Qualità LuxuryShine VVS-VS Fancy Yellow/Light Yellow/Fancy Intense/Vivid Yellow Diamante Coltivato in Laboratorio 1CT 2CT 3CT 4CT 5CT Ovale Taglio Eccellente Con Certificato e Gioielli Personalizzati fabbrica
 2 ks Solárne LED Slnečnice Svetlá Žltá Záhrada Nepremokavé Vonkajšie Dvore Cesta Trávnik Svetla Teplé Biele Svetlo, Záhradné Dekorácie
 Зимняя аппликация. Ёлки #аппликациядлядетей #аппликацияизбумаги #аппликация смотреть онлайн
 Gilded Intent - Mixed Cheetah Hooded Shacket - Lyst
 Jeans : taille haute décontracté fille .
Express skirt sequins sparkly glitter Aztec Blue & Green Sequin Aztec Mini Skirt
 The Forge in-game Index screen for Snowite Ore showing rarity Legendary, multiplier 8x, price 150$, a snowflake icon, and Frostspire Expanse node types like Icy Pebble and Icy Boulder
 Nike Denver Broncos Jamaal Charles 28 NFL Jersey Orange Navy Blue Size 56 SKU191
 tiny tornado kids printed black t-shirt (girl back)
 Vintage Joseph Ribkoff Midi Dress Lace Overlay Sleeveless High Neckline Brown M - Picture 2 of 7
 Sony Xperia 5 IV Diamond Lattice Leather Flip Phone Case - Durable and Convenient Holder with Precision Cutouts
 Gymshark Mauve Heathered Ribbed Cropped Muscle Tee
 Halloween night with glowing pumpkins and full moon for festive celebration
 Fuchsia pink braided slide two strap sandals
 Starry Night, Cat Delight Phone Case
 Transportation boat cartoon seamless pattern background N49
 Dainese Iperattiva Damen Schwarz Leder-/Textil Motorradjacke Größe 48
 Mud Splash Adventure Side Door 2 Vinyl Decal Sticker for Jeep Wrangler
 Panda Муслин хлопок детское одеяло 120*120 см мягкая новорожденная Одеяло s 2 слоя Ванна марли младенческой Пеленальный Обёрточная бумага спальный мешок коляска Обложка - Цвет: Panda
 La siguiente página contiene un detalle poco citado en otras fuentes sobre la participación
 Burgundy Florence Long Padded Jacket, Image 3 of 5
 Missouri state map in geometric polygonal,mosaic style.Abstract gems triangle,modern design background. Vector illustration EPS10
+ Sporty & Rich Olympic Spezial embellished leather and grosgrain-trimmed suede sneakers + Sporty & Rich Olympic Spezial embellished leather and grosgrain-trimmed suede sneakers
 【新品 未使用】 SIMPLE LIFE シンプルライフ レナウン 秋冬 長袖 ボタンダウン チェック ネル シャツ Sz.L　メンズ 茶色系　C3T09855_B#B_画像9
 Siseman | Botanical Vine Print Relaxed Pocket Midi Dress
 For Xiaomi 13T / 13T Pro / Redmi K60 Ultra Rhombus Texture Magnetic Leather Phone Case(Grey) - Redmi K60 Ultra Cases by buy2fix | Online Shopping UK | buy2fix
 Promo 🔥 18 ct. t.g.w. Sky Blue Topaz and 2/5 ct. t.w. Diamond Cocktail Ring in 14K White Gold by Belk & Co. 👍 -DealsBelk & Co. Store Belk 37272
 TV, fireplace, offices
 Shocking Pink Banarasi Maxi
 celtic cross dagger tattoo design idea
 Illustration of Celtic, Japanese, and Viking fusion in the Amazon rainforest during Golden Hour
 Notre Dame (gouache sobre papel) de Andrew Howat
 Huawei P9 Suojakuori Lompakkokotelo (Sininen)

■ Goal of the exercise
Word for word, transcribe each record.

■ Final answer
Qualità LuxuryShine VVS-VS Fancy Yellow/Light Yellow/Fancy Intense/Vivid Yellow Diamante Coltivato in Laboratorio 1CT 2CT 3CT 4CT 5CT Ovale Taglio Eccellente Con Certificato e Gioielli Personalizzati fabbrica
 2 ks Solárne LED Slnečnice Svetlá Žltá Záhrada Nepremokavé Vonkajšie Dvore Cesta Trávnik Svetla Teplé Biele Svetlo, Záhradné Dekorácie
 Зимняя аппликация. Ёлки #аппликациядлядетей #аппликацияизбумаги #аппликация смотреть онлайн
 Gilded Intent - Mixed Cheetah Hooded Shacket - Lyst
 Jeans : taille haute décontracté fille .
Express skirt sequins sparkly glitter Aztec Blue & Green Sequin Aztec Mini Skirt
 The Forge in-game Index screen for Snowite Ore showing rarity Legendary, multiplier 8x, price 150$, a snowflake icon, and Frostspire Expanse node types like Icy Pebble and Icy Boulder
 Nike Denver Broncos Jamaal Charles 28 NFL Jersey Orange Navy Blue Size 56 SKU191
 tiny tornado kids printed black t-shirt (girl back)
 Vintage Joseph Ribkoff Midi Dress Lace Overlay Sleeveless High Neckline Brown M - Picture 2 of 7
 Sony Xperia 5 IV Diamond Lattice Leather Flip Phone Case - Durable and Convenient Holder with Precision Cutouts
 Gymshark Mauve Heathered Ribbed Cropped Muscle Tee
 Halloween night with glowing pumpkins and full moon for festive celebration
 Fuchsia pink braided slide two strap sandals
 Starry Night, Cat Delight Phone Case
 Transportation boat cartoon seamless pattern background N49
 Dainese Iperattiva Damen Schwarz Leder-/Textil Motorradjacke Größe 48
 Mud Splash Adventure Side Door 2 Vinyl Decal Sticker for Jeep Wrangler
 Panda Муслин хлопок детское одеяло 120*120 см мягкая новорожденная Одеяло s 2 слоя Ванна марли младенческой Пеленальный Обёрточная бумага спальный мешок коляска Обложка - Цвет: Panda
 La siguiente página contiene un detalle poco citado en otras fuentes sobre la participación
 Burgundy Florence Long Padded Jacket, Image 3 of 5
 Missouri state map in geometric polygonal,mosaic style.Abstract gems triangle,modern design background. Vector illustration EPS10
+ Sporty & Rich Olympic Spezial embellished leather and grosgrain-trimmed suede sneakers + Sporty & Rich Olympic Spezial embellished leather and grosgrain-trimmed suede sneakers
 【新品 未使用】 SIMPLE LIFE シンプルライフ レナウン 秋冬 長袖 ボタンダウン チェック ネル シャツ Sz.L　メンズ 茶色系　C3T09855_B#B_画像9
 Siseman | Botanical Vine Print Relaxed Pocket Midi Dress
 For Xiaomi 13T / 13T Pro / Redmi K60 Ultra Rhombus Texture Magnetic Leather Phone Case(Grey) - Redmi K60 Ultra Cases by buy2fix | Online Shopping UK | buy2fix
 Promo 🔥 18 ct. t.g.w. Sky Blue Topaz and 2/5 ct. t.w. Diamond Cocktail Ring in 14K White Gold by Belk & Co. 👍 -DealsBelk & Co. Store Belk 37272
 TV, fireplace, offices
 Shocking Pink Banarasi Maxi
 celtic cross dagger tattoo design idea
 Illustration of Celtic, Japanese, and Viking fusion in the Amazon rainforest during Golden Hour
 Notre Dame (gouache sobre papel) de Andrew Howat
 Huawei P9 Suojakuori Lompakkokotelo (Sininen)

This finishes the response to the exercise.